EXERCISE MATERIAL:
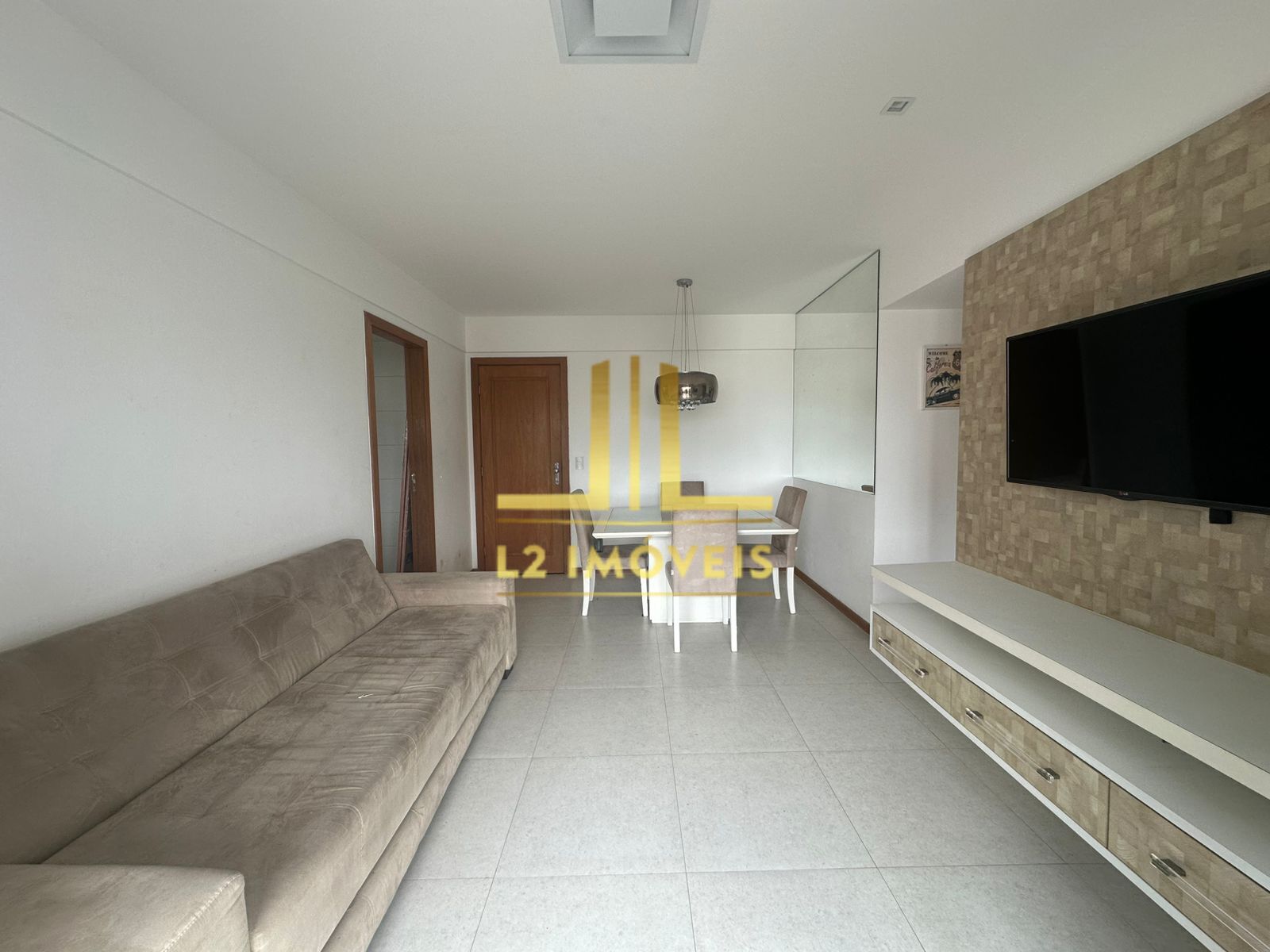 Apartamento à venda com 2 quartos, 69m² - Foto 2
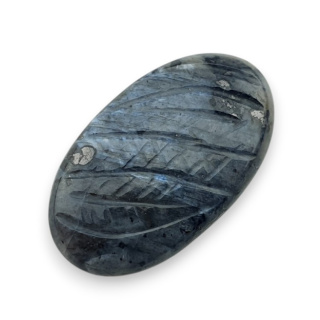 Larvikit kaboszon carving 27x16 mm nr 60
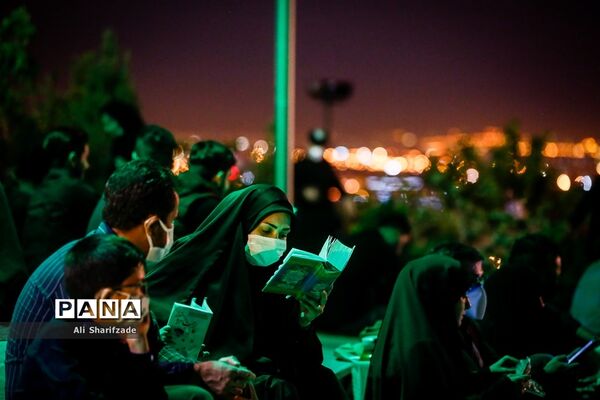 احیای شب بیست و یکم ماه رمضان در مقبره الشهدای چیتگر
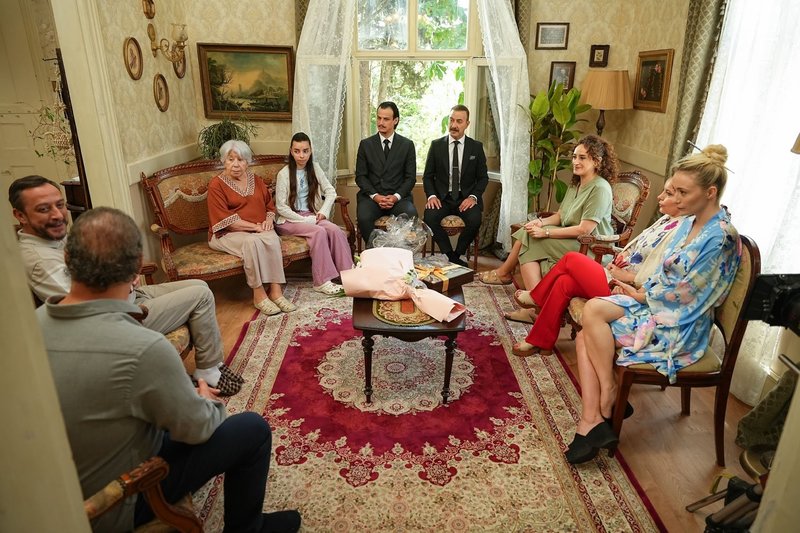aile-saadeti-5-bolum-fragmani-ne-zaman-yayinlanacak-aile-saadeti-yeni-bolum-fragmani-tikla-izle-1751886591292.jpg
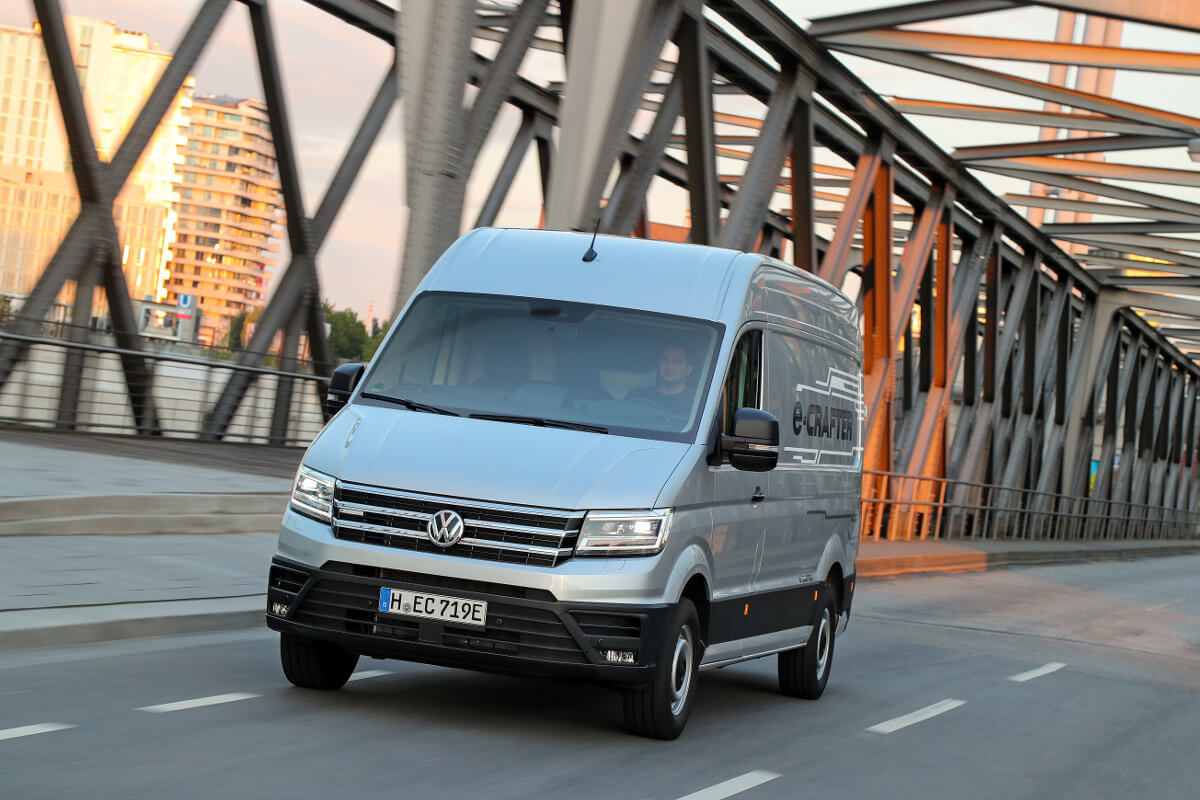 Volkswagen Samochody Użytkowe prezentuje nowego e-Craftera Volkswagen Samochody Użytkowe prezentuje nowego e-Craftera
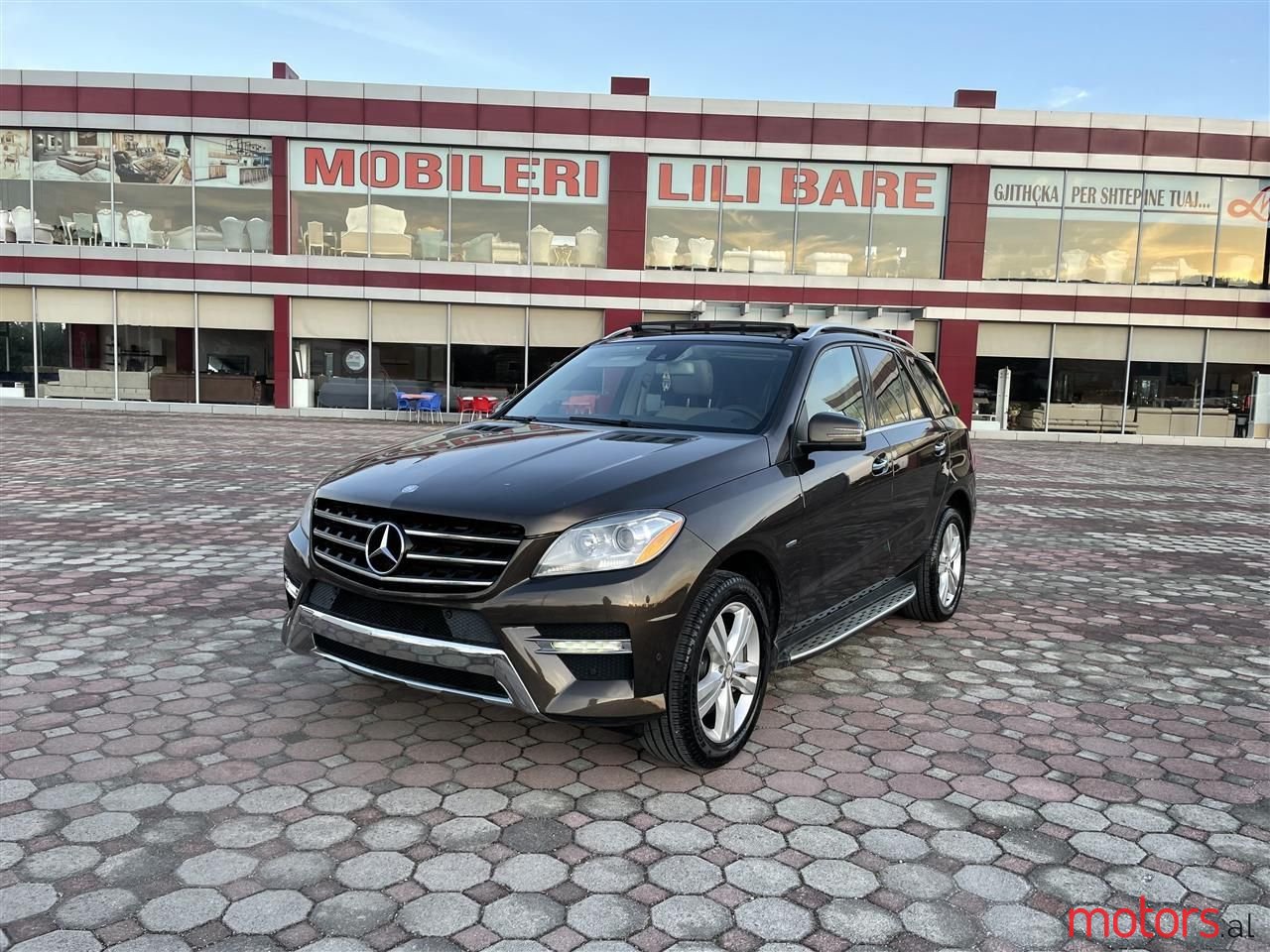 2012' Mercedes-Benz ML 350 photo #1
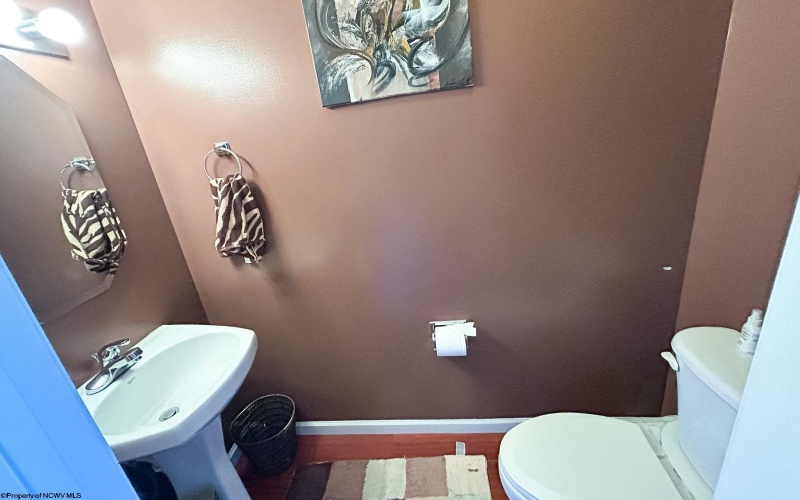 277 Donna Avenue, Morgantown, West Virginia 26505, 3 Bedrooms Bedrooms, 8 Rooms Rooms,2 BathroomsBathrooms,Single Family Attached,For Sale,Donna,10164125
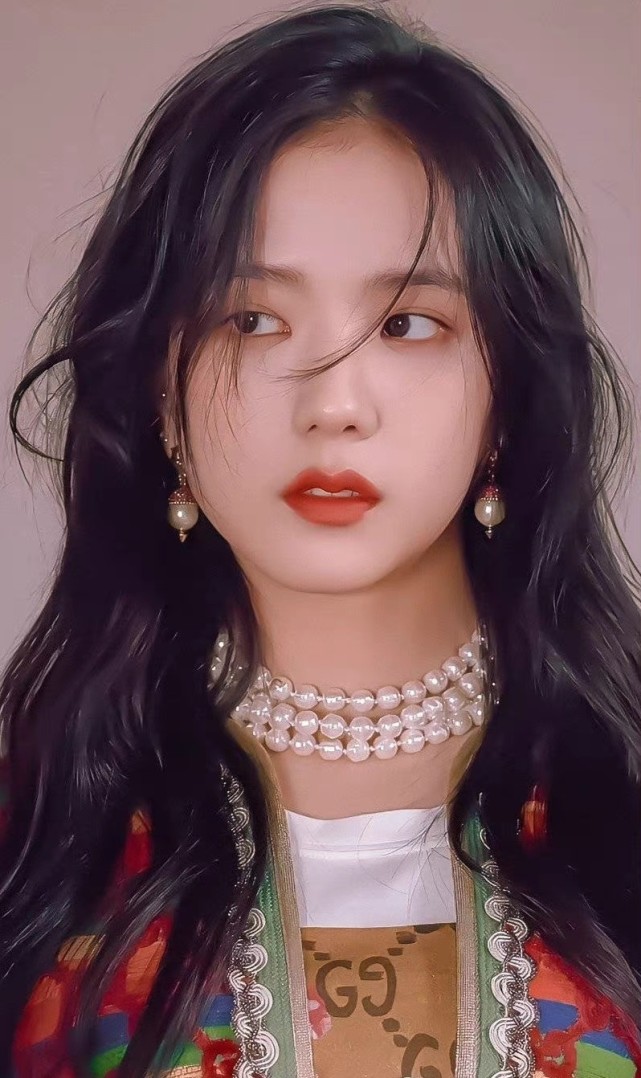 金智秀孙兴慜被曝恋情，网友扒出众多同款，女方曾专门去看比赛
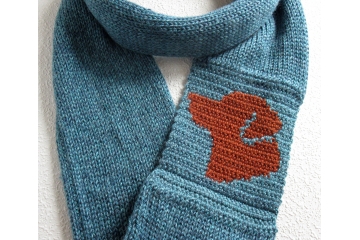 Labrador Infinity Scarf. Glacier blue knitted circle cowl with a fox red lab dog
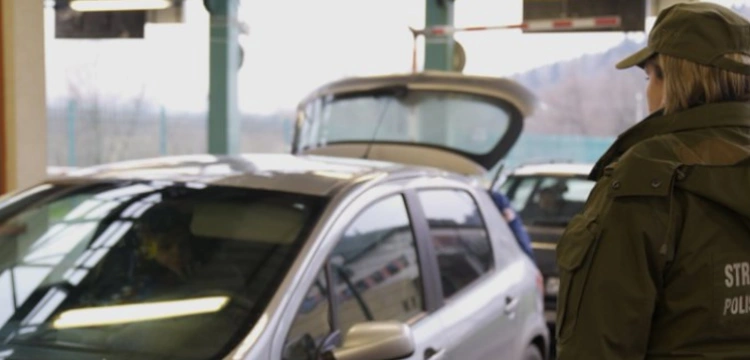 „Jedź do Polski - twój samochód już tam jest”. Niemiec „ukradł” swój samochód chcąc go sprzedać w Rosji. Miał pecha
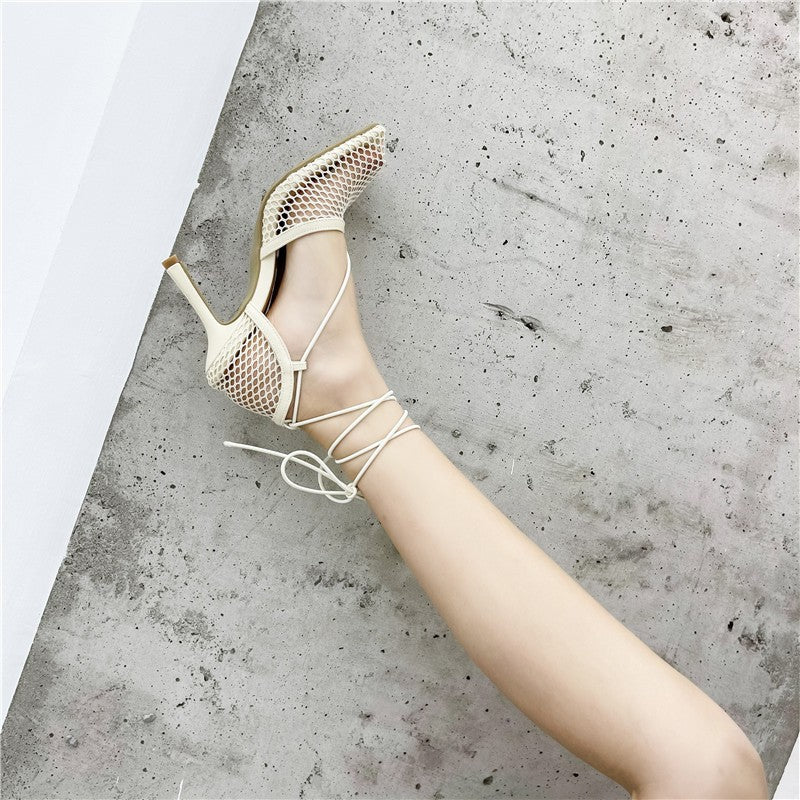 Sandália Scarpin Sexy de Salto Fino com Bico Quadrado Feminina Transpassada de Amarrar Vazada Ocada Vestido Sapatos Zapatos Mujer
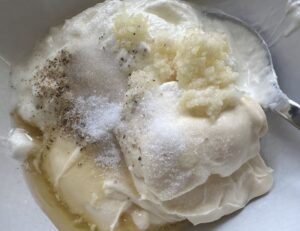 Sałatka makaronowa z brokułem i świeżym ogórkiem - IMG 3583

TASK TO CARRY OUT:
No pictures go in the copy. Output exactly the lines from the line containing "277 Donna Avenue, Morgantown, West" through the end of the listing above.

EXERCISE ANSWER:
 277 Donna Avenue, Morgantown, West Virginia 26505, 3 Bedrooms Bedrooms, 8 Rooms Rooms,2 BathroomsBathrooms,Single Family Attached,For Sale,Donna,10164125
 金智秀孙兴慜被曝恋情，网友扒出众多同款，女方曾专门去看比赛
 Labrador Infinity Scarf. Glacier blue knitted circle cowl with a fox red lab dog
 „Jedź do Polski - twój samochód już tam jest”. Niemiec „ukradł” swój samochód chcąc go sprzedać w Rosji. Miał pecha
 Sandália Scarpin Sexy de Salto Fino com Bico Quadrado Feminina Transpassada de Amarrar Vazada Ocada Vestido Sapatos Zapatos Mujer
 Sałatka makaronowa z brokułem i świeżym ogórkiem - IMG 3583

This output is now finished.